Amsterdam is known for the series of canals that encircle in a horseshoe shape and crisscross each other throughout the city even though it is below-sea-level.  As such, the residents have had to find ways of dealing with the water and soft ground.  Houses are built on sturdy pilings to assure a solid foundation. Although you will see many cockeyed canal houses, some held up by huge logs, most buildings have been where they are for centuries.

The gables, oh, the gables.  They are Amsterdam!  If you look up, you will see many of the gables are adorned with a hook.  Not a decoration, the hook is there to enable residents to pull large, bulky objects up and into a window at the proper floor.  Most homes in Amsterdam have narrow, steep, often winding staircases that make it difficult to bring large, bulky objects upstairs.  Voila, the hook.  Many windows can be taken out of the wall completely for the same reason. In warm weather you will pass by many an establishment that has removed the windows to let the warm breeze waft through.

Many people are under the wrong impression that lots of old canal houses in Amsterdam are leaning forwards or have gone squinty over the years. Not so. They were mainly built like that so that the gable was further out into the street to make it easier to haul everything in via the hook and window. Clever, eh? You will still see this method being used by today's Amsterdamers for verhuizing (moving house) and it is actually quite hard work. Have you ever tried to lift a washing machine with a concrete base vertically with a rope? These days they have the assistance of eclectic winches or lifts similar to what you would use on a construction site to lift materials.

When property was sold in the early years of the city, it was valued by width, not depth.  So you will see many narrow buildings throughout the city.  After so many years and real estate transactions, many buildings that seem very tiny from the outside open into beautiful spaces. There a few very extreme examples of this but take a look at Google Street view of Singel 168 and you will see a house front only one window wide. All along the canals the rear end of the houses open on to beautiful well-kept gardens which are occasionally open to the public.

Just outside the large canals (Prinsengracht, Keizersgracht, Herengracht and Singel) you find the area that used to supply the city with fresh vegetables. This garden (in French; Jardin) area was later turned into a residential area with rather small houses, mainly for labourers, and is still named after the gardens, The Jordaan.
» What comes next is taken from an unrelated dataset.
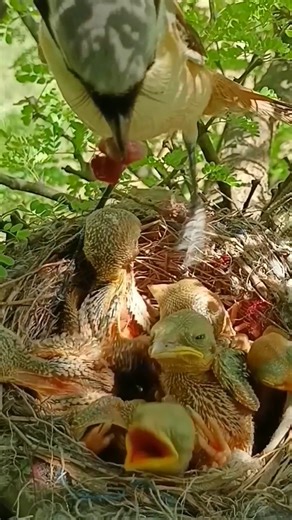 P#863 | Review mother bird feeding her chicks in the nest | the babies bird are adorable! | Parent birds brings food to feed their babies #birdwatching #birdlovers #birdsofinstagram #birdphotography #birds #birdlife #reviewbirdnest #birdlife #motherbird | Luck16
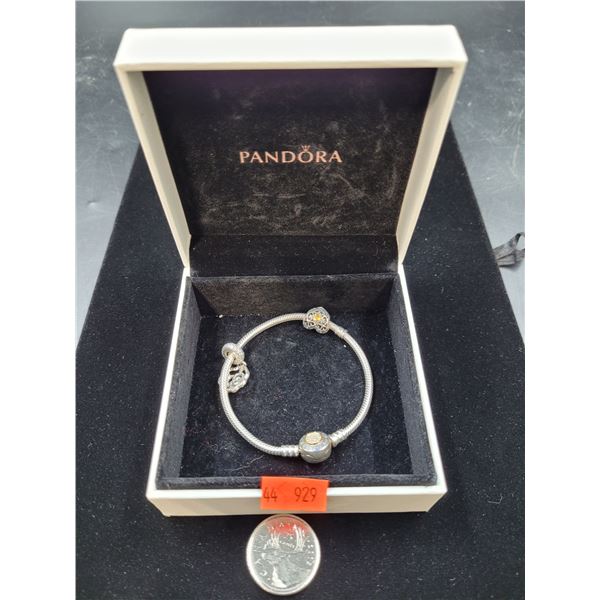 Pandora Charm Bracelet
Charming houseboats line almost every canal.  You will see them with gardens on decks and roofs, with cushy upholstered chairs on deck, with tables and chairs for al fresco.  About 2,400 of these picturesque houses on water are docked in the city.  In the 1950's Amsterdam was experiencing a housing shortage (still is?) and in a display of typical Nederlandic ingenuity they looked to their beloved canals and the houseboat was established.
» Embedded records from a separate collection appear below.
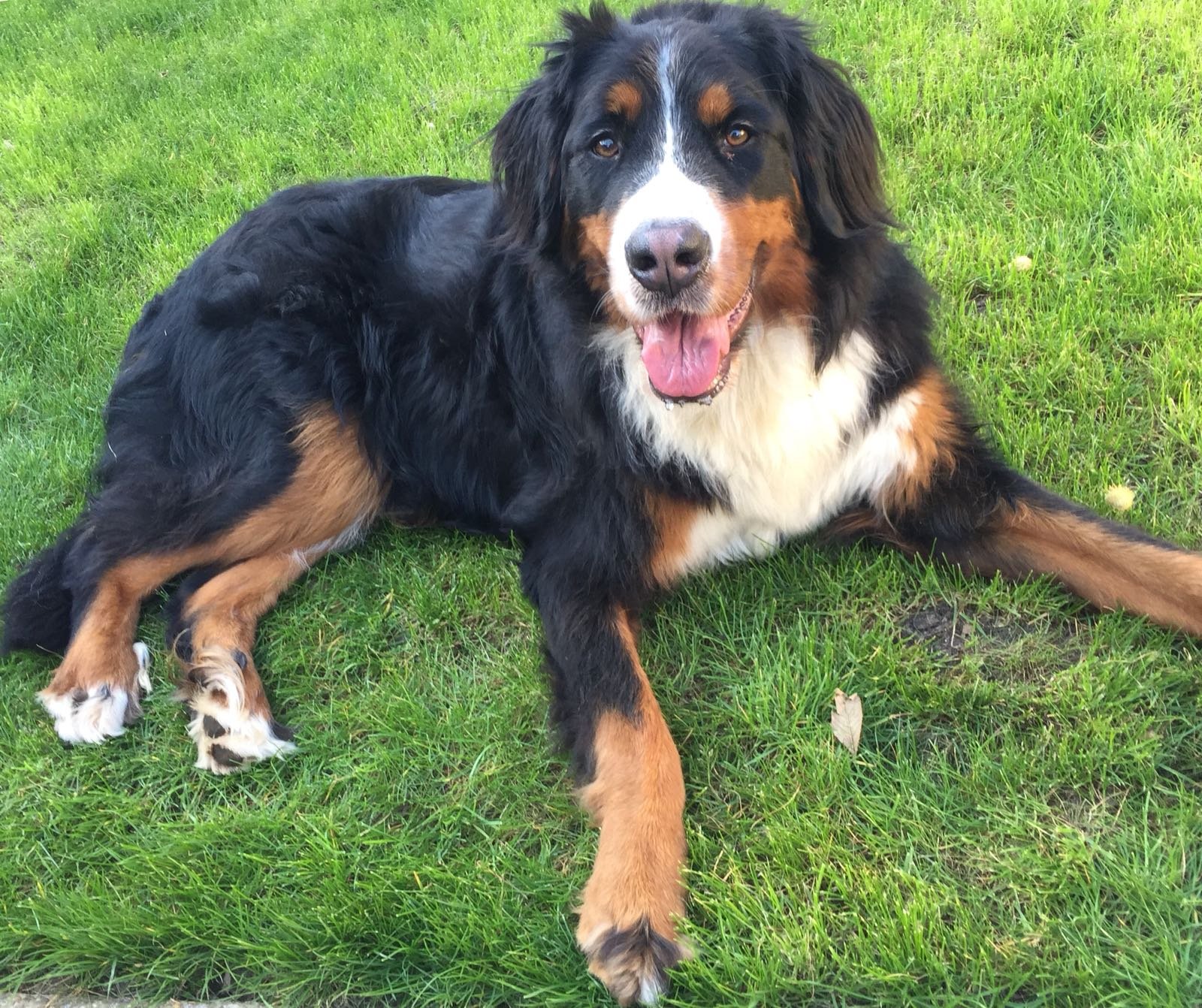 Bernese Mountain Dog lying on grass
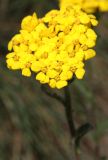 Image of taxon representative. Author is Владимир Саенко
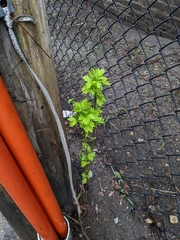 Acer negundo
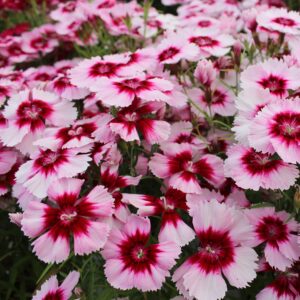 Dianthus chinensis (Nellike)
A number of Amsterdam's famous residents have had their homes preserved and turned into museums, most notably Anne Frank and Rembrandt Van Rijn. One of the best examples of a preserved canal house is the Willet Holthuysen Museum, Herengracht 605 still owned by the family and well worth a visit to see how the rich merchants lived..

Anne Frank House

Anne Frank wrote her Diary of a Young Girl in this house from 1942-1944. It is perhaps the most renowned and widely-read accounts of daily life under German occupation during World War II. The actual house, located on the Prinsengracht, was constructed in 1635. It was listed for demolition in 1955. A campaign to save the house was successful, and the Anne Frank Foundation was established in 1957 with the purpose of preserving the house. It was opened to the public in 1960. Two large renovations closed the building temporarily in 1970 and 1999.

Rembrandt House Museum

Rembrandt purchased this house in 1639 and lived and worked there until he went bankrupt in 1656. Over the following centuries, the house went through various occupants and alterations until the building was bought by the city in 1906. A foundation was set up in 1907 with the purpose of preserving the building. Today, it is a museum dedicated to Rembrandt etchings and drawings, and also houses works by Rembrandts teachers and pupils.
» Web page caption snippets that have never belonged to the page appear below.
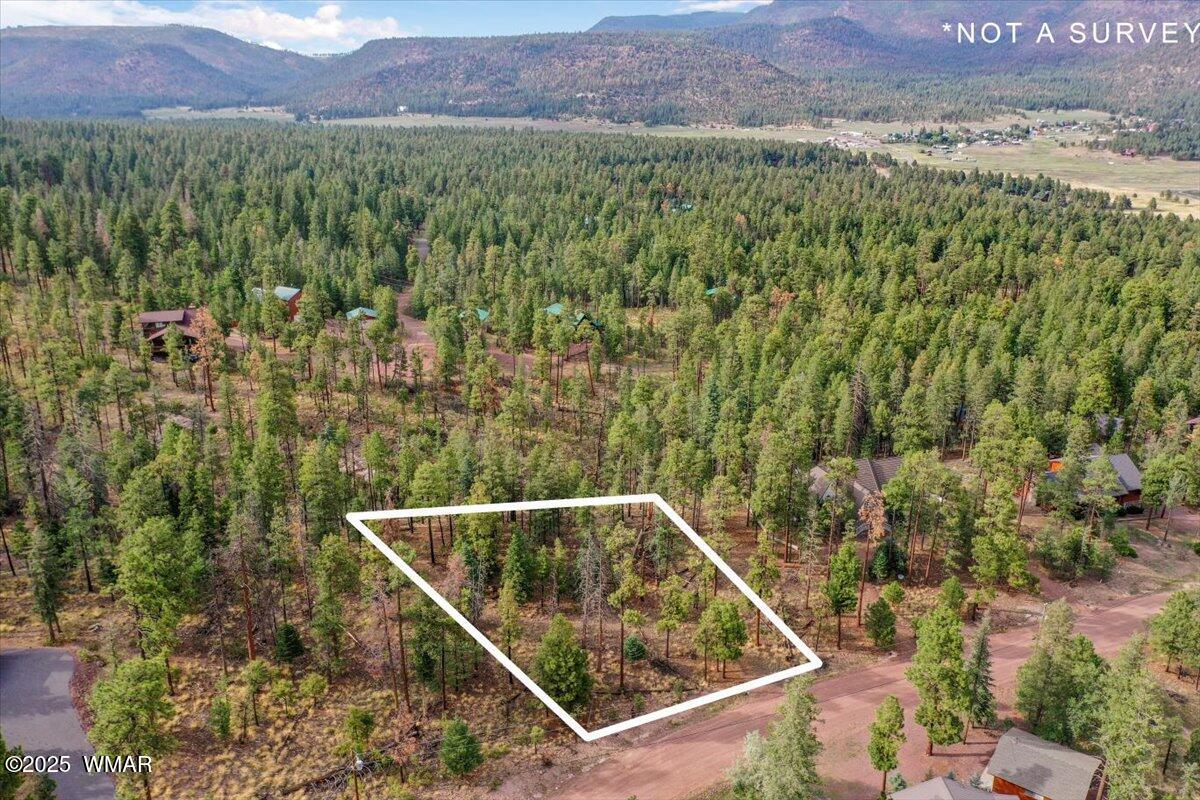 14 County Road Alpine, AZ 85920 - Photo 5 of 9 50-DJI_0406.1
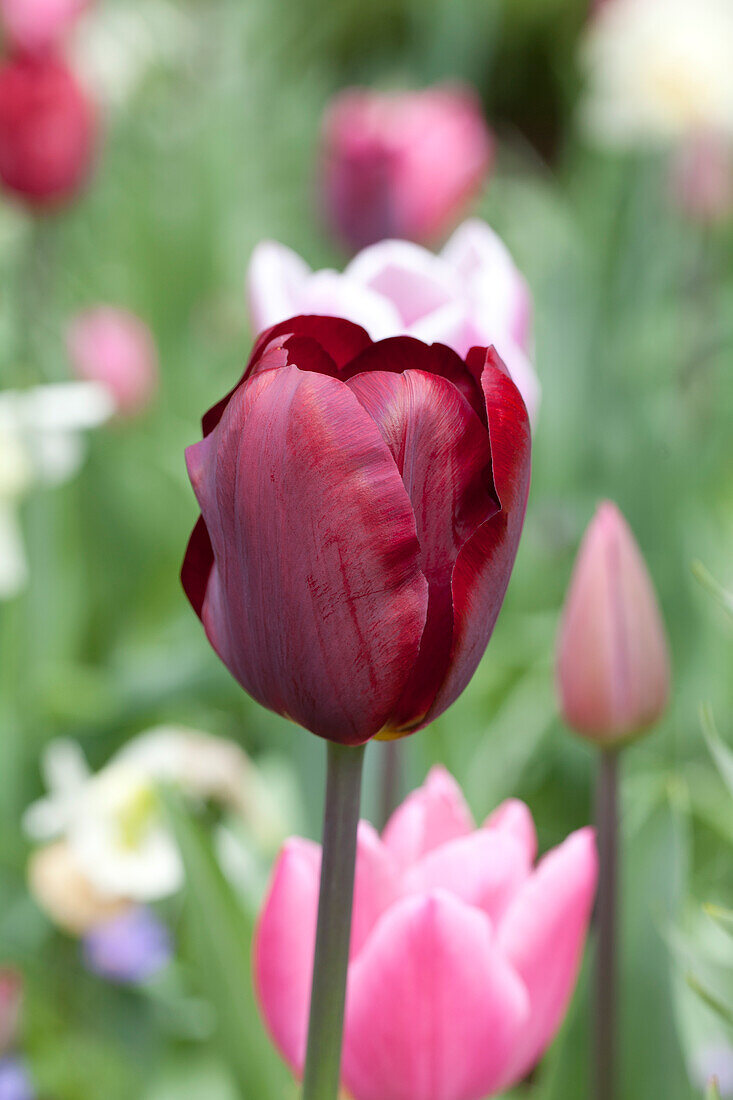 Tulipa 'Ronaldo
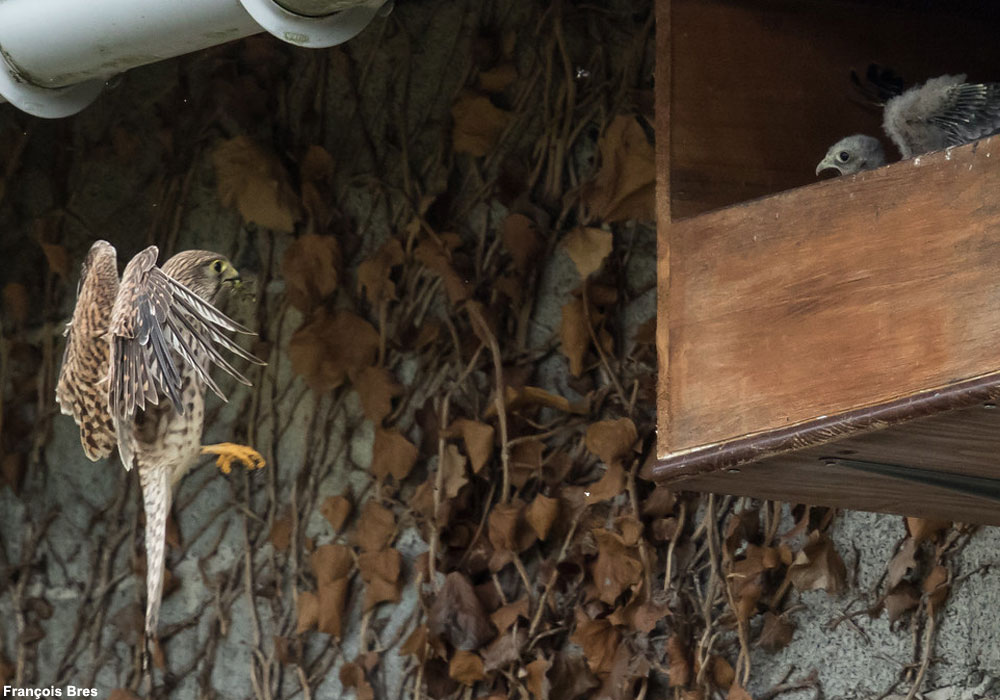 Nichoir pour oiseaux à suspendre à l'extérieur, maisons de nidification  pour colibris pour l'extérieur avec corde, cabane/nid confortable pour  oiseaux sauvages Audubon Finch Canary Song Sparrow, lot de 2 (forme de  cabane)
In the late 1800's and early 1900's Amsterdam need to expand to accommodate the ever increasing population and this raised again the ever present problem for the Dutch in that the land had to be drained and made suitable for building on. Areas outside the inner canal ring (grachtengordel) began to develop mainly to house workers so the housing was in no way as grand as the fine canal houses built in the past.

Neighbourhoods like West and Old South (including De Pijp) began to spring up. There are far fewer canals in these new areas but you can still se examples of classic Dutch architecture along the Hobbemakade. Away from the canals housing becomes more functional. Interestingly all the streets around De Pijp are named after famous Dutch painters e.g. Albert Cuyp, Ferdinand Bol etc. (just as an aside the famous FEBO fast food stores which you see all over NL originated in the Ferdinand Bol Straat and FEBO is a shortened version of the street name).

 It is in districts like the West and Rivierenbuurt and Oude Zuid that you can start to see the influences of the Amsterdam School which was most prevalent during the period 1910 to 1930. The Amsterdam School  used intricate brickwork to create flowing designs and even to some extent sculpture, influenced also by the Art Deco movement which sprung up in Paris in the same era.

After WWII he city expanded further in all directions where space was more readily available. For example in the area around Churchillaan, itself a wide, leafy boulevard, many apartments were built with green spaces/squares in between to give the area a much more open feel whilst still heavily influenced by the brickwork encompassed by the Amsterdam School.

 During the war the Jewish quarter which lay approximately in the area of Waterlooplein was emptied by the Nazi's and practically destroyed meaning this area has some quite modern buildings by comparison. After the war the city expanded outwards again and

Modern day buildings can be seen in the Zuidas area around Zuid WTC train station. There are some stunning new building erected here where banks and insurance companies have their headquarters. Notably the ING building which encompasses a mini forest in its atrium (

You can think of Amsterdam as a felled tree. When you cut a tree down you see the growth rings where times were good and bad. Amsterdam perhaps does not have the grandeur of Paris or the towering skyscrapers of NYC but its more subtle than that and has something for everyone. A fact which was recognised last year when the Grachtengordel was granted a World Heritage Site by UNESCO.